Now meet Joanna Smith, a young reporter for the Toronto Star. Picture her, early in 2010, hitting the ground in Haiti, a country rocked by earthquake. She will file dispatches by the minute using Twitter. Smith posts dozens of short reports in the form of tweets, each limited to 140 characters: "Fugitive from prison caught looting, taken from police, beaten, dragged thru street, died slowly and set on fire in pile of garbage." One by one, each post is a vivid snapshot of natural and human disaster. Together they constitute something akin to a serial narrative with short chapters, or a "live blog."
Writers who complain about a 140-character limit are, shall we say, shortsighted. But consider this array of sentences, expressed easily within the tight boundaries of a tweet:
- "These are the times that try men's souls."

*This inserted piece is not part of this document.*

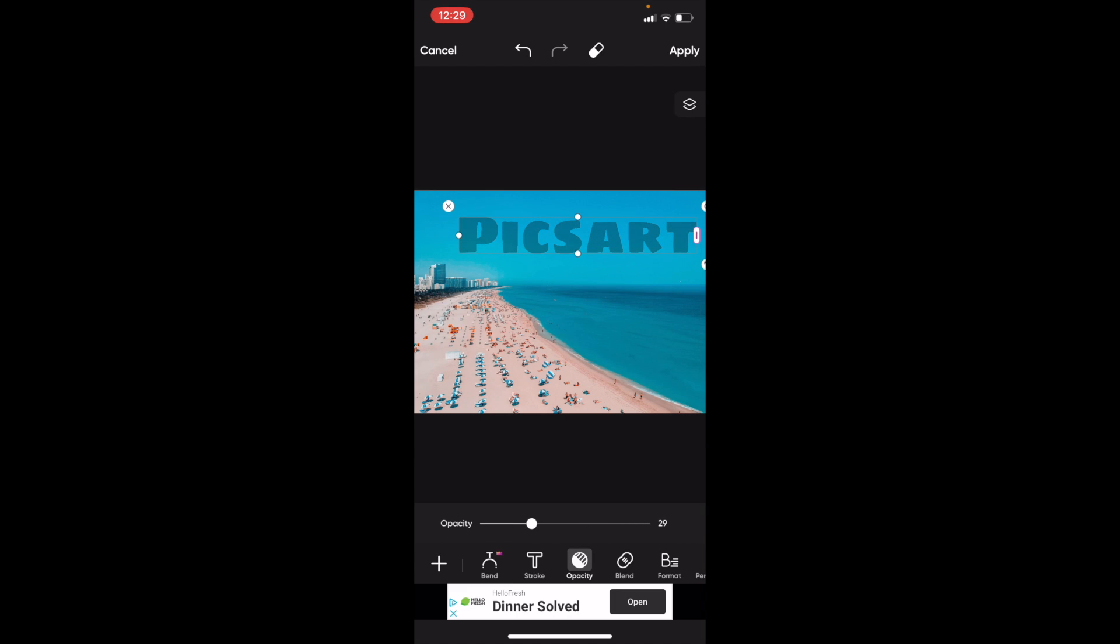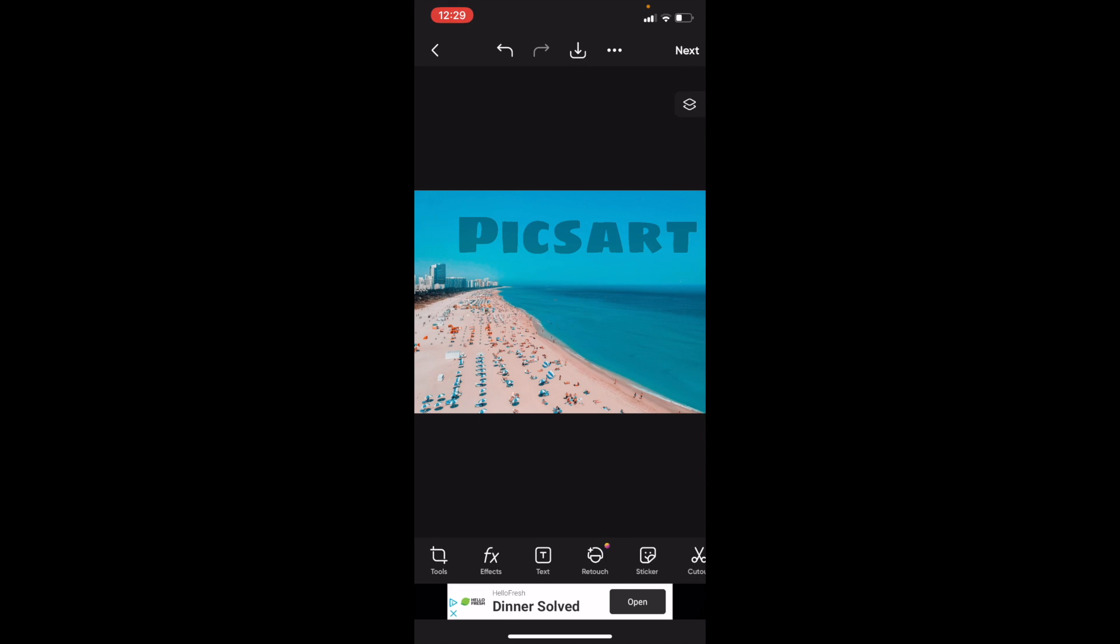So once that is done, just press on apply and there you go. That is how you guys can change the opacity, or the opacity of text here on PicsArt. Thanks again for watching and I hope this video helps.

- "The reports of my death are greatly exaggerated."
- "Take my wife, please."
- "Where's the beef?"
- "I like Ike."
That list includes a famous line from a political pamphlet by Thomas Paine, a telegram from Mark Twain, a joke by Henny Youngman, an advertising campaign for Wendy's, and a presidential political slogan. When I add them up, I get 138 characters. One tweet.
So the culture turns: short, shorter, even shorter, abbreviation, acronym, emoticon. Maybe explorers from a future generation will discover that our discourse devolved to the point that combinations of smiley and frowny faces could be used as the binary elements to express everything from love poems to eulogies to State of the Union addresses.
Now for the good news: writing in short forms does not require the sacrifice of literary values. The poet Peter Meinke talks about the power that comes from focus, wit, and polish. Focus is the unifying theme. Wit is the governing intelligence. Polish creates the sparkle that comes from careful word choice and revision.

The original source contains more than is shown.